Dans son entretien
avec Anne-Marie Métailié, " La "jeunesse" n'est qu'un mot ", paru en 1978
dans le livre Les jeunes et le premier emploi (étrange coïncidence), Pierre
Bourdieu revient sur le concept de jeunesse qui, à ses yeux, dissimule
derrière les traits de l'évidence naturelle (les jeunes, ça existe !)
un pur construit social (à quel âge cesse-t-on d'être jeune ?). " Ce que
je veux rappeler, c'est tout simplement que la jeunesse et la vieillesse
ne sont pas des données mais sont construites socialement, dans la lutte
entre les jeunes et les vieux. "
Si la " jeunesse " n'est qu'un mot, c'est en effet qu'elle masque deux
problèmes clé : d'un côté l'opposition de génération entre les jeunes
qui sont privés du pouvoir sur la société et les vieux qui possèdent (pour
une partie d'entre eux) ce pouvoir ; de l'autre l'opposition de classe
entre des jeunes (des milieux aisés) qui pourront accéder à l'âge adulte,
caractérisé par une situation professionnelle stable et une intégration
réussie, et des jeunes (des milieux populaires) qui seront toujours considérés
comme des enfants, renvoyés à une éternelle jeunesse faite de contrats
précaires.
Nous aimerions analyser en quoi le CPE constitue de ce point de vue un
rite de passage dévoyé.
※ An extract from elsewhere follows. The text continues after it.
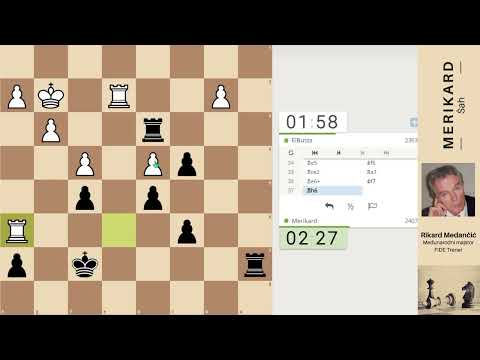 NAuči od majstora 380.. - 1. d4 - d5 2. c4 - Lf5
En effet, si la période probatoire prévue par
le CPE est censée s'appliquer à tous les jeunes pour leur permettre de
passer à l'âge adulte (le fameux CDI), elle constitue en fait un sas renvoyant
une partie de ces " jeunes " (pas n'importe lesquels) dans la jeunesse,
synonyme d'instabilité et d'éternel renouvellement du rite de passage.
En ce sens, le CPE incarne bien cette double logique d'opposition entre
les " jeunes " et les " vieux " et au sein de la jeunesse entre les "
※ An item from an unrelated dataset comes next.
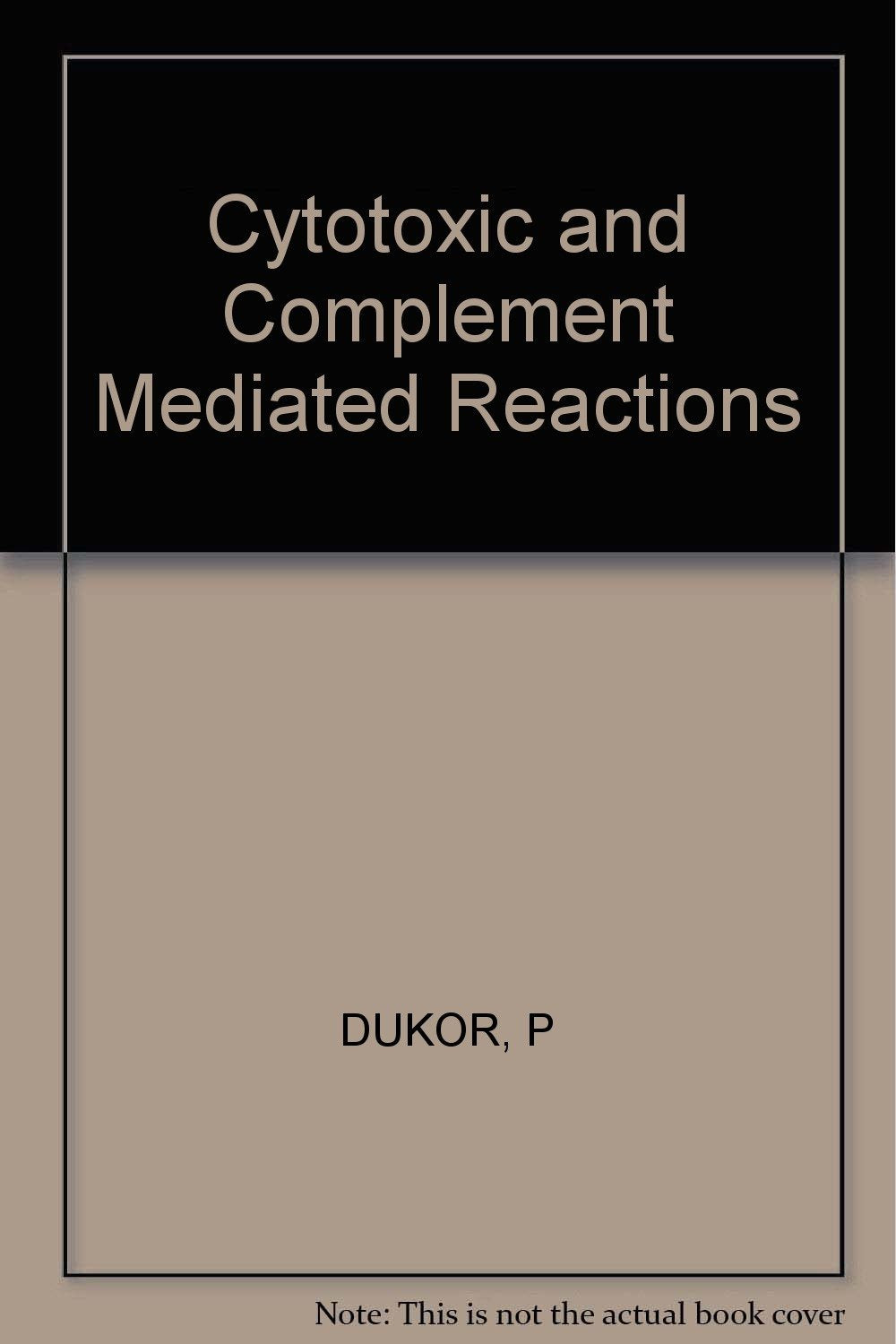 PAR. Pseudo-Allergic Reactions. Involvement of Drugs and Chemicals / Cytotoxic and Complement Mediated Reactions (PAR. Pseudo-Allergic Reactions, 2, Band 2) Medicine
jeunes destinés à devenir vieux " et les " jeunes éternellement jeunes
". Et ce n'est pas un moindre paradoxe que l'éternelle jeunesse tant vantée
dans les publicités soit ici synonyme de disqualification.
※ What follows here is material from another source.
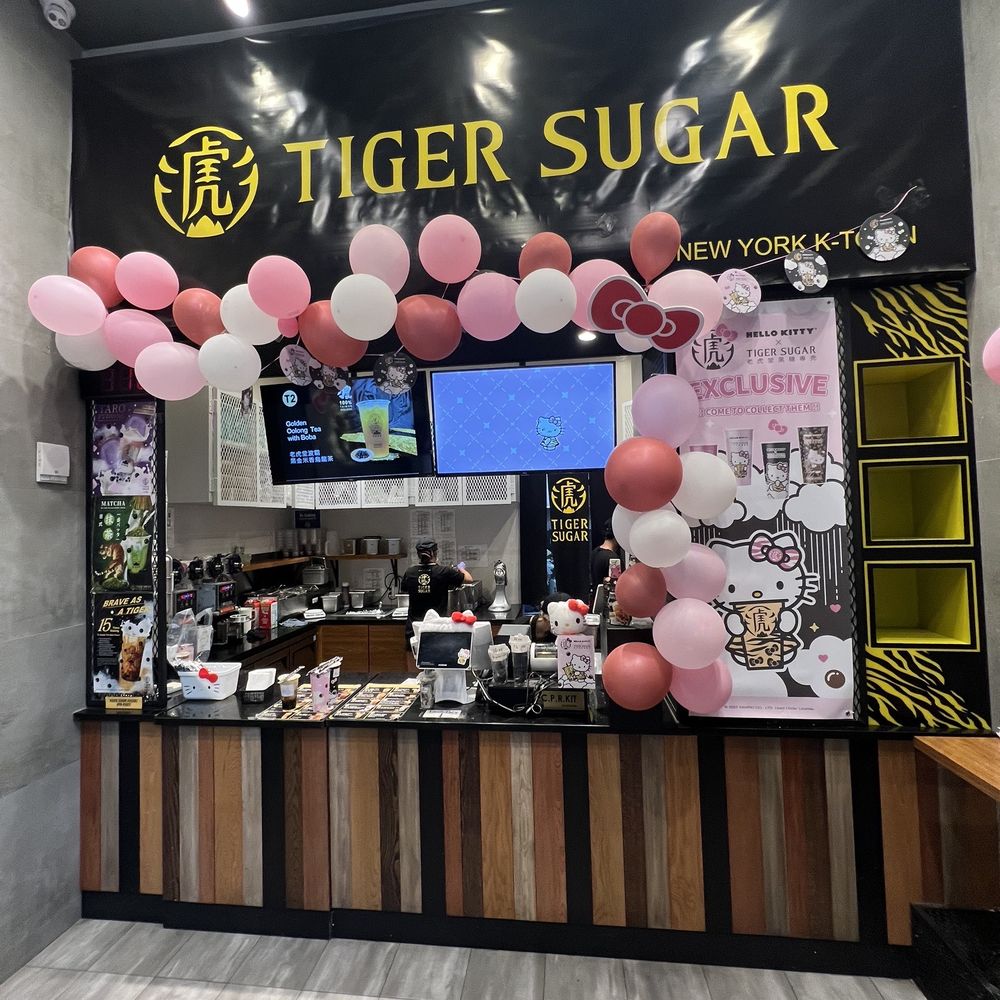 Tiger Sugar - Bubble Tea Near Me - New York, New York Tiger Sugar - Bubble Tea Near Me - New York, New York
En quoi le CPE constitue-t-il un rite de passage ?
Les rites de passage sont des institutions présentes dans toutes les sociétés
humaines. Ce sont des rituels qui visent à marquer le changement de statut
social chez un individu, le plus souvent du fait de son âge (le passage
dans une nouvelle tranche d'âge). En soumettant tous les individus ayant
atteint un même âge à un rituel, le plus souvent difficile, il s'agit
à la fois de créer une solidarité de fait entre ces individus mais aussi
de leur imprimer un respect de l'institution qui les a soumis à ce rituel
et à laquelle ils entendent s'intégrer. Ainsi, les rites de passage visent
à faire intégrer à l'individu les trois principes de fonctionnement d'un
groupe décrits par Alain Touraine : le principe d'identité (Nous / les
membres du groupe), le principe d'opposition (Eux / ceux qui n'appartiennent
pas au groupe) et le principe de totalité (l'existence d'un projet collectif
partagé par l'ensemble des membres). Ils se déroulent généralement en
trois temps :
1) Une séparation de la vie normale ;
2) un état intermédiaire entre deux statuts avec mise en place de rites
de transformation et de purification;
3) une réintégration de la vie normale avec le nouveau statut.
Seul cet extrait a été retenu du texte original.